Provided material Start Marker

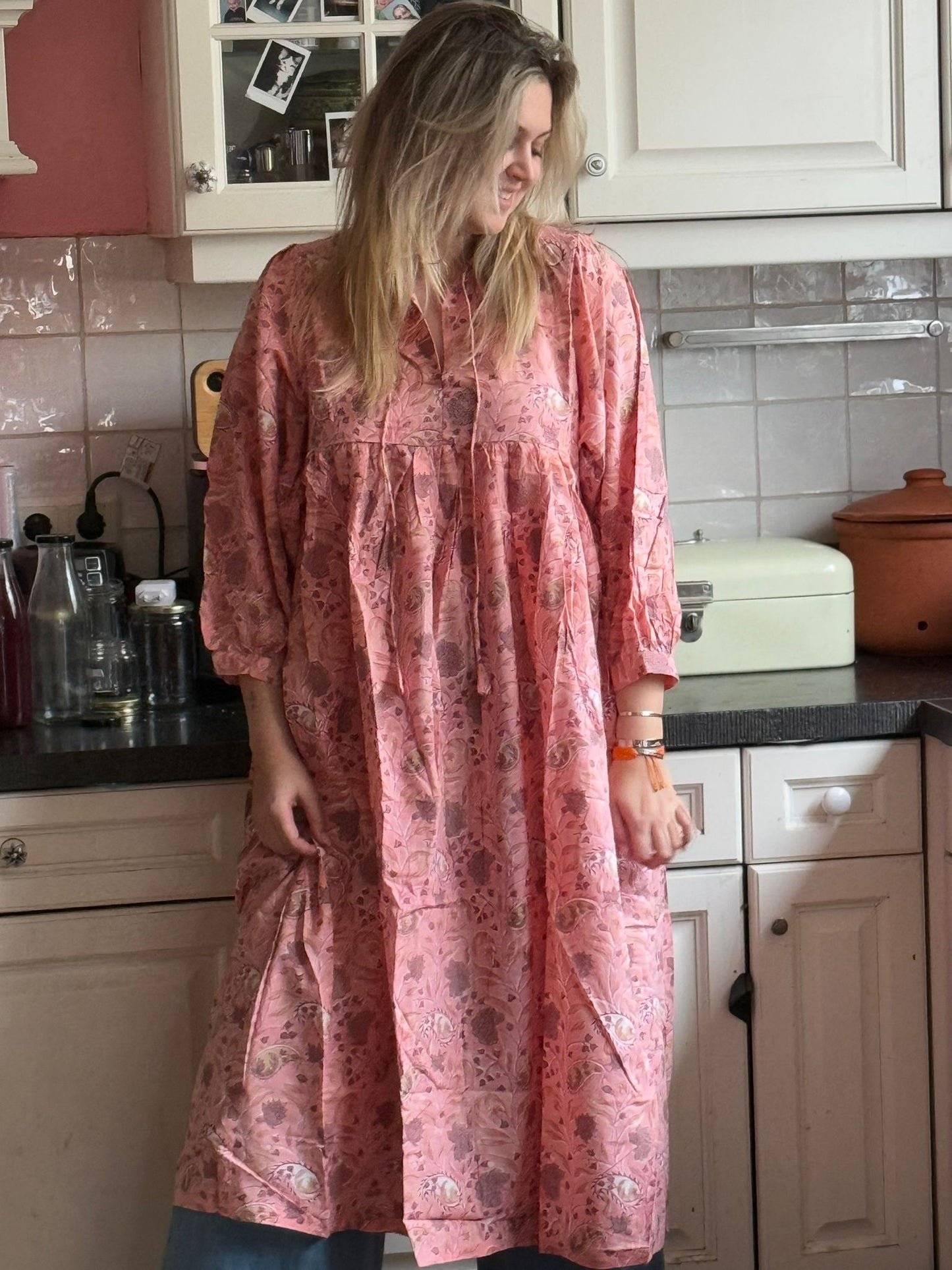 Blockprints jurk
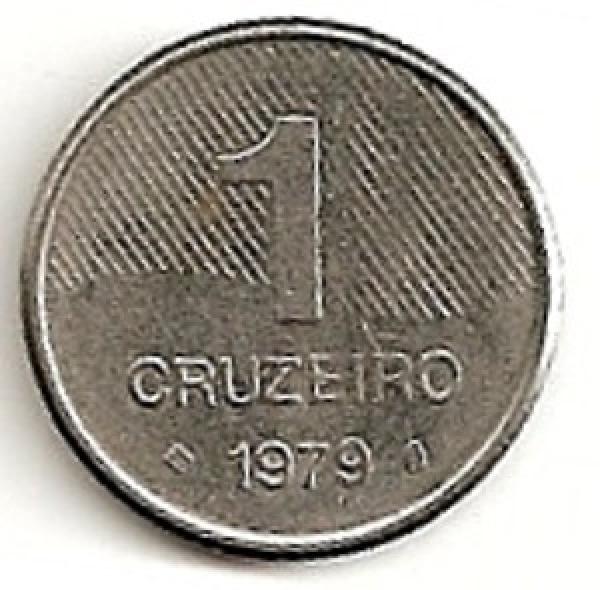 Brazilija. 1 kruzeiras ( 1984 ) XF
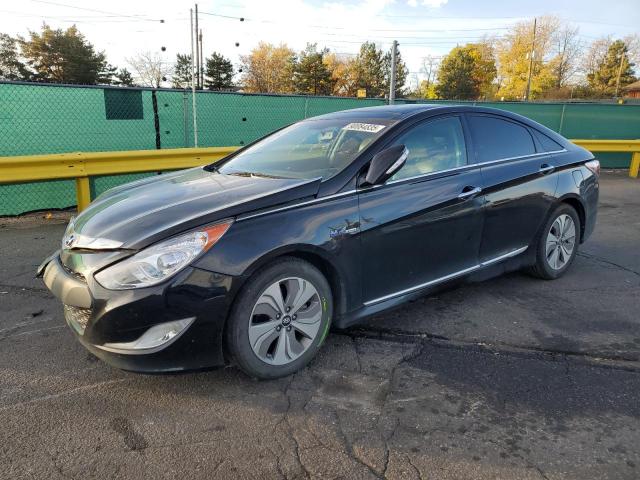 Photo 1 from auction – 2015 HYUNDAI SONATA HYB with VIN KMHEC4A44FA124664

Provided material End Marker

* _Exercise aim_: Pictures aside, return all of the material exactly as written.

* _Completed task_:
 Blockprints jurk
 Brazilija. 1 kruzeiras ( 1984 ) XF
 Photo 1 from auction – 2015 HYUNDAI SONATA HYB with VIN KMHEC4A44FA124664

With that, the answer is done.